Extinct genus of trilobites

Cedaria is an extinct genus of trilobites from the late Cambrian.

It is a small, rather flat trilobite with an oval outline, a headshield and tailshield of approximately the same size, 7 articulating segments in the middle part of the body and spines at the back edges of the headshield that reach half the length of the body. Cedaria lived during the early part of the Upper Cambrian (Dresbachian), and is especially abundant in the Weeks Formation.

== Description ==
Cedaria has an ovate outline of 1 cm long on average (maximum size 2.5 cm) and ¾ as wide between the tips of the genal spines. The headshield (or cephalon) is parabolic in shape with a well defined wide, and typically darker colored border of about 10% of the glabellar length or equal to a thorax segment. The well-defined central raised area (or glabella) tapers slightly forward with a rounded front, but lateral furrows are weakly defined. The backward occipital ring is well defined. The distance from the glabella to the border (or preglabellar field) is approximately one-quarter the length of the glabella or twice the width of the border. The eyes are kidney-shaped, about one-quarter the length of the glabella and at its midlength, and they are positioned close to the glabella, at one-third of its width. The remaining parts of the cephalon, called fixed and free cheeks (or fixigenae and librigenae) are flat. The fracture lines (or sutures) that in moulting separate the librigenae from the fixigenae are divergent just in front of the eyes, becoming parallel near the border furrow and slightly convergent at margin. From the back of the eyes the sutures bends outward and slightly backward, curving backward at the lateral border furrow and cutting the posterior margin in the inner bend of the spine (or opisthoparian sutures). The articulating middle part of the body (or thorax) has 7 segments, the outer tips bending backwards, pointed and darker. The tailshield (or pygidium) is semicircular, straight or almost indented and has a long, low, tapering axis with 5 or 6 rings, and 4 or 5 pleural furrows. The border in the pygidium is as wide as in the cephalon and is also often darker, but the border furrow is very shallow or absent.

== Taxonomy ==
Bonneterrina, Carinamala, Cedaria, Cedarina, Paracedaria, Jimachongia and Vernaculina together comprise the family Cedariidae.

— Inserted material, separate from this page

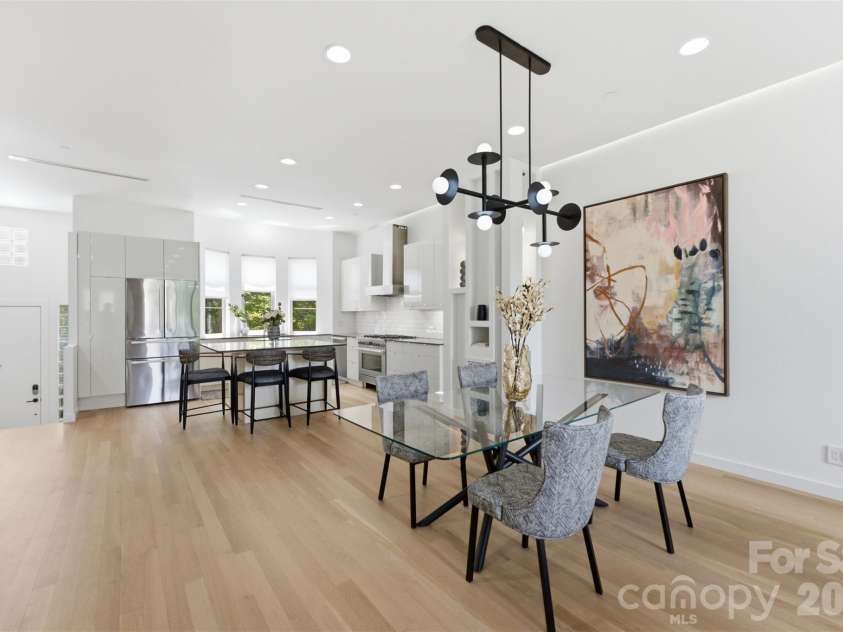 1938 Scott Avenue, Charlotte, NC 28203.  MLS# CAR4410488, YatesRealty ID 43362. 
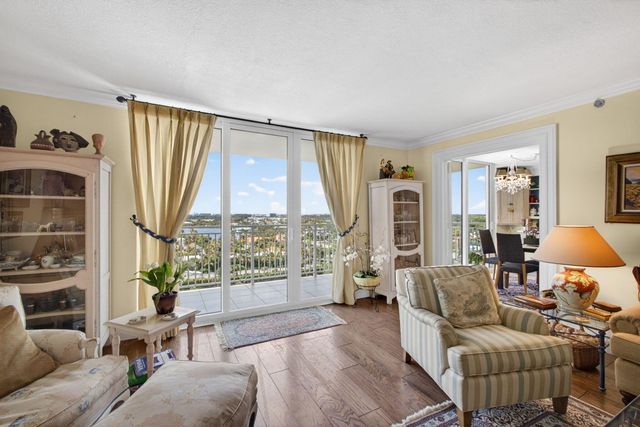 500 Ocean Drive E-11b, Juno Beach, FL 33408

=== Reassigned species ===
- Cedaria buttsi = ?Crepicephalus
- Cedaria woosteri = ?

== Distribution ==
- Cedaria minor appears in the Upper Cambrian of the United States (between 200 m above the base of the Weeks Formation 15 m into the Big Horse Limestone Member, Orr Formation, House Range, Millard County, Utah), Canada (Rabbitkettle Formation, Mackenzie Mountains), and Greenland.
- Cedaria is also reported in the Warrior Formation in Pennsylvania.